What exactly is it? The aircraft carrier’s host tree is a durian, probably planted by the kampungers who lived on this land before the government acquired it in the 1970s.

Wrapping itself around the durian is a banyan, Ficus virens, which is endangered in Singapore. To my untrained eye, it appears as if the banyan has crept along the forest floor and worked its way up the durian.

But that’s not how banyans grow. It happens in reverse: top to bottom. Banyans belong to the fig family. Birds often disperse their tiny seeds on branches near the forest’s canopy. When they germinate, their roots grow downwards, in search of nutrients in the forest floor, or in the trunk of the host tree itself. Over time the banyan’s roots might resemble the tree’s trunk. The banyan is effectively strangling—and nourishing itself through—the abandoned durian.

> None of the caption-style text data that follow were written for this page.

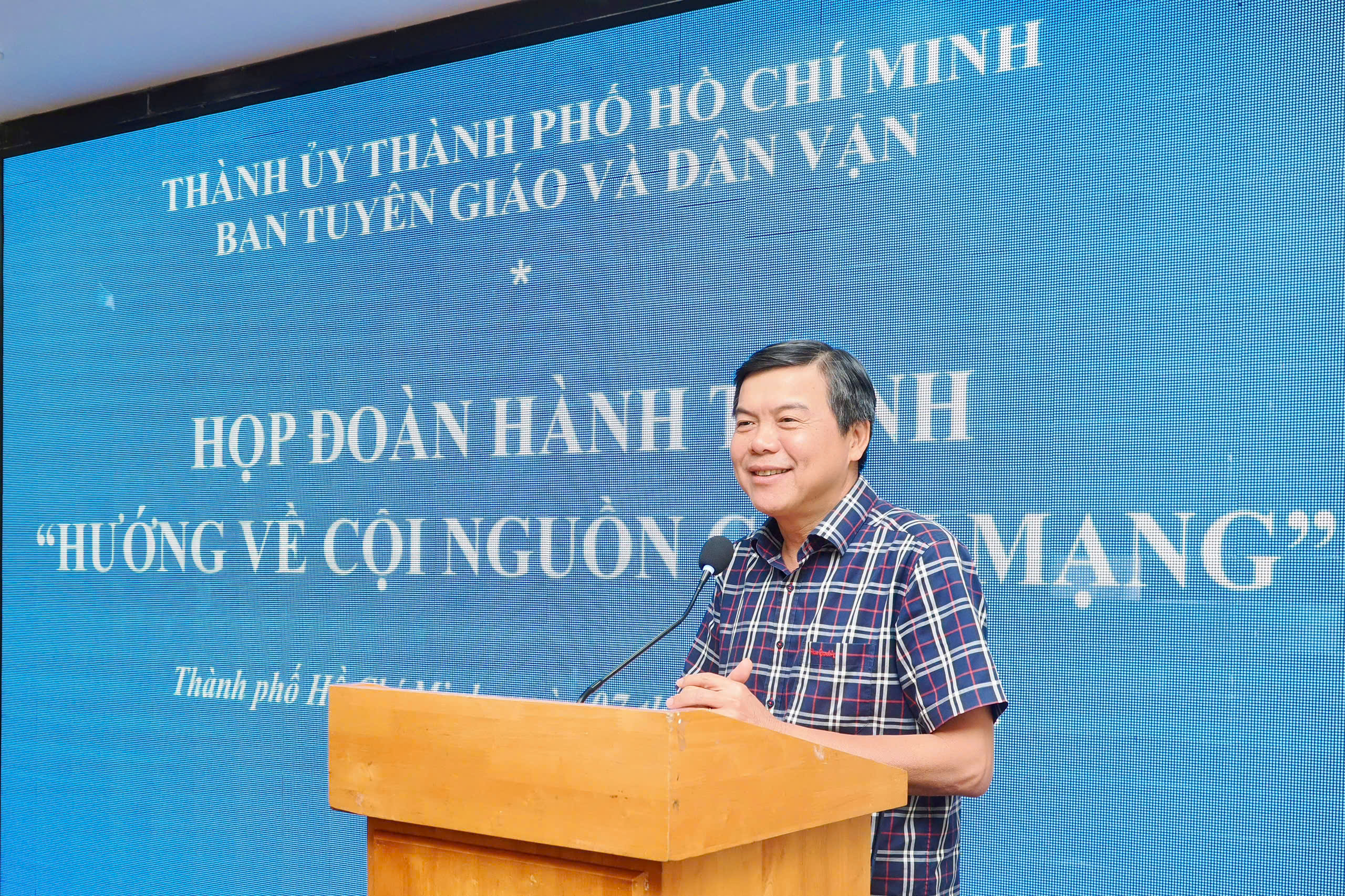 Hơn 100 người làm báo TP HCM tham gia hành trình "Hướng về cội nguồn Cách mạng" - Ảnh 3.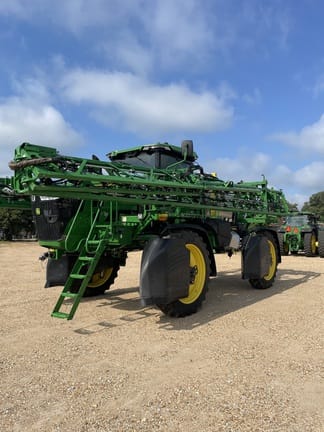 2024 John Deere 410R Equipment Image0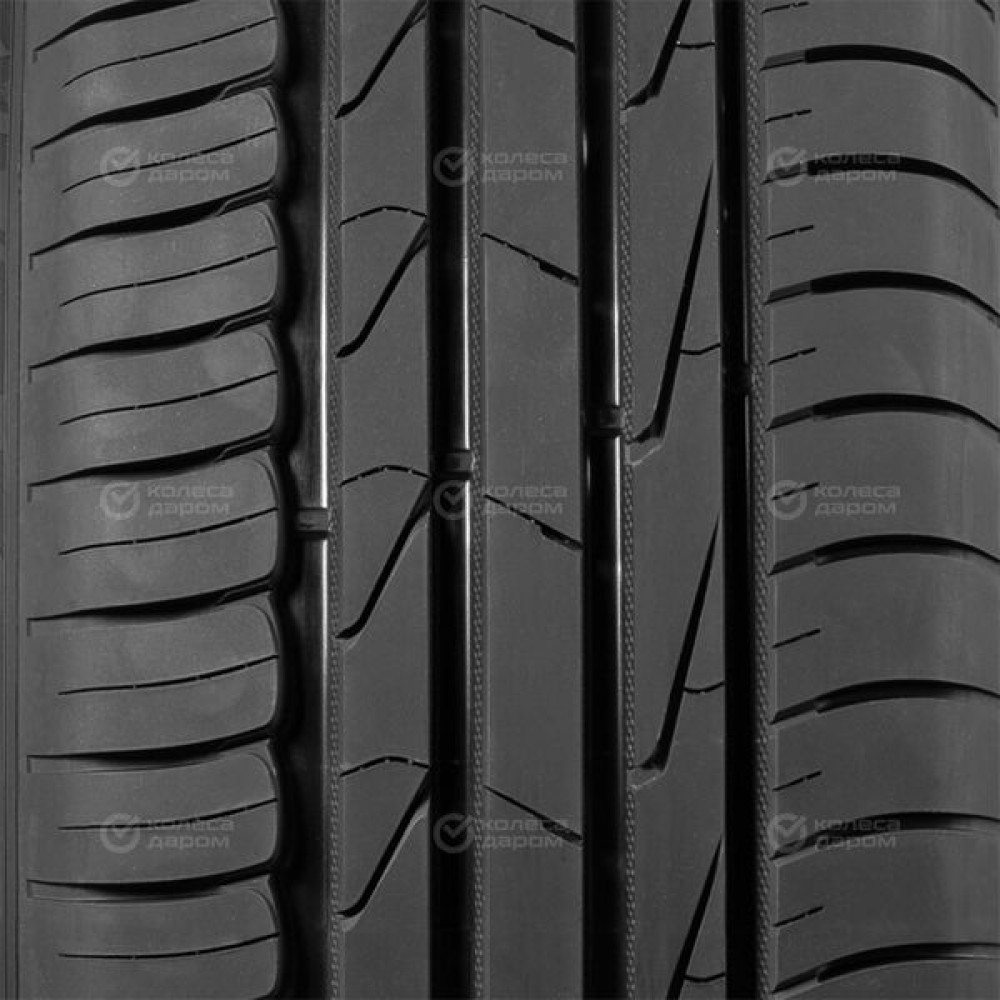 Ikon Autograph Aqua 3 215/55 R16 97W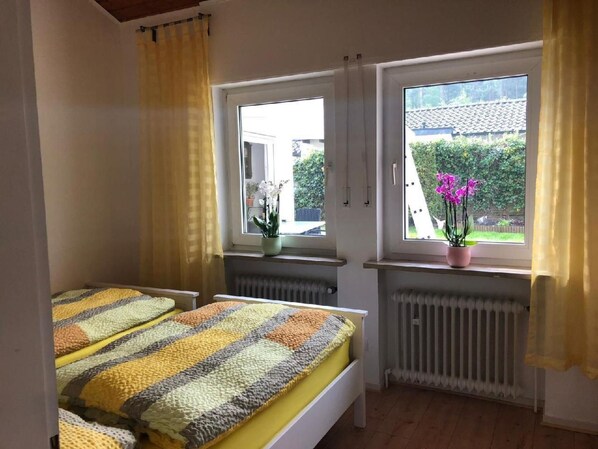 2 bedrooms, internet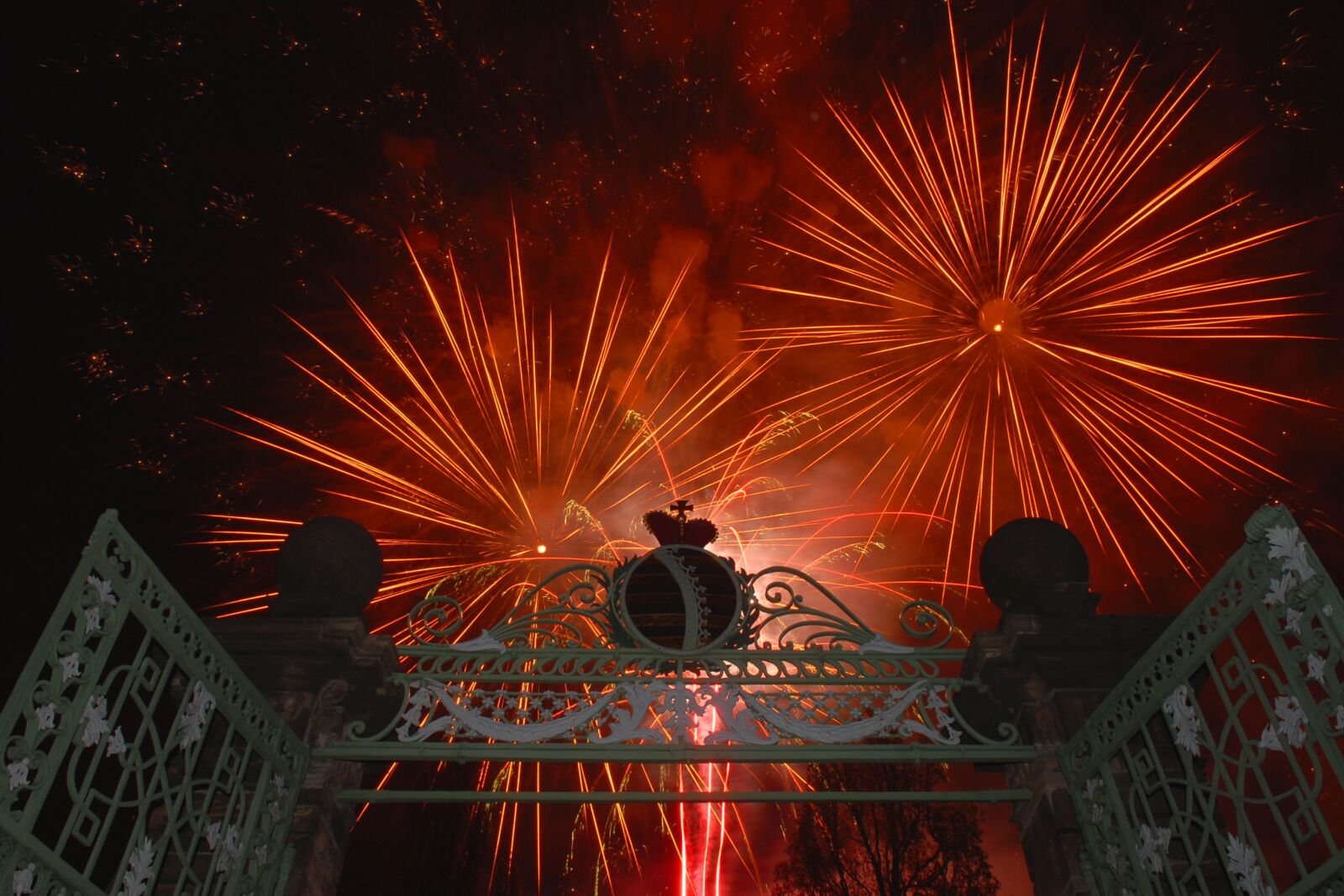 Nikon D200 sample photo. Fireworks, gotha, orangery photography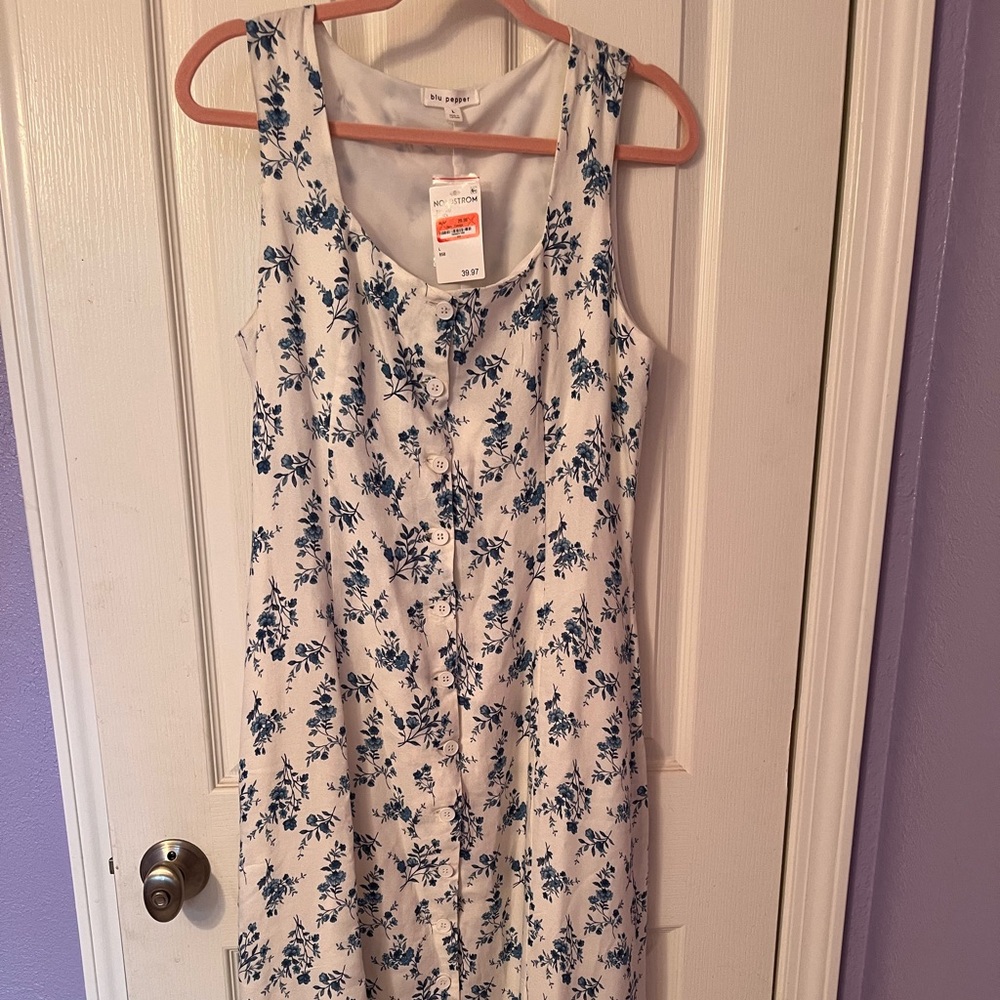 Sleeveless button down dress. New with tags!
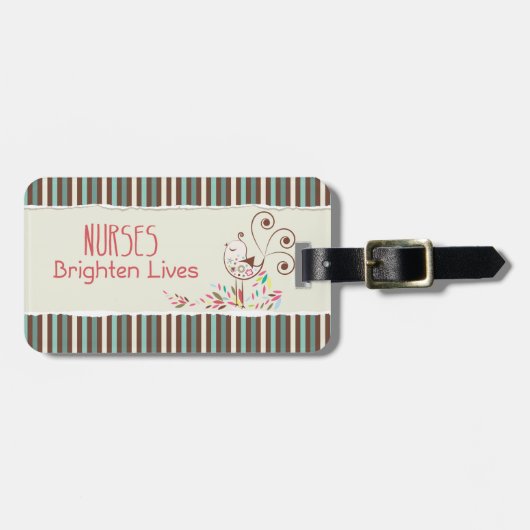 Happy Nurses Day, Niedlicher Vogel auf Streifen Gepäckanhänger (Vorderseite horizontal)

From that union new life blooms. This includes the tiny, glow-in-the-dark mushrooms, Filoboletus manipularis, that drew the attention of The Guardian for a piece on bioluminescence (thereby immortalising Dover Forest).

Photograph by David Tan

Meanwhile, in the crevices of the banyan’s strangling roots one finds a far less agreeable species: the Singapore tarantula, Phlogiellus inermis. Each individual’s home is recognisable because of the wispy, white tunnel web covering it.

When he walks Jom around the forest, Chua Chin Tat, Singaporean activist, conservationist and champion of Dover Forest East (and West), asks Weilee Yap, a videographer, and me to move in closer to see if we can spot a tarantula. I jump back. Thankfully—for me—none emerges.

“The four things we mentioned [durian, banyan, mushrooms, tarantula] are just what’s visible at eye level,” Chin Tat says. “On the high branches of this tree, you have a lot of parasitic plants growing on them.”

One is a mistletoe whose flowers provide nectar for butterflies and other insects, and whose leaves feed caterpillars. Squirrels nest in the upper reaches. And when the banyan fruits, he says, its thousands of figs feed many different species of birds.

“You have a whole mini ecosystem coming down and coalescing onto this one individual, so it's like an aircraft carrier.”

The one troubling thing on the aircraft carrier is a small metal plate, bearing the number 829, which has been affixed onto the trunk of the host durian tree. The plate represents a survey, and for most individuals here a way station on their journeys to their graves.

Singapore’s Housing Development Board (HDB) is about to raze Dover Forest East. Though he no longer believes it can be saved, Chin Tat (doverforest.sg) is on a mission to wake Singaporeans from our stupor, to get us to pay more attention to these secondary forests that we are losing.

In November 2020, HDB published an environmental baseline study of Dover Forest, a 33-hectare area—almost eight times the size of the Padang—between Commonwealth Avenue, Clementi Road, and two neighbourhoods: Ghim Moh’s public housing blocks, and Mount Sinai’s landed bungalows.

In Singapore, such studies are published right before development begins. HDB called for a public consultation, inviting Singaporeans to submit feedback on the study.

This jolted Chin Tat and other environmentalists into action. He started exploring the forest in February 2021, “...to see what I can find in the forest, to raise awareness that this is a patch of forest that is worth conserving.”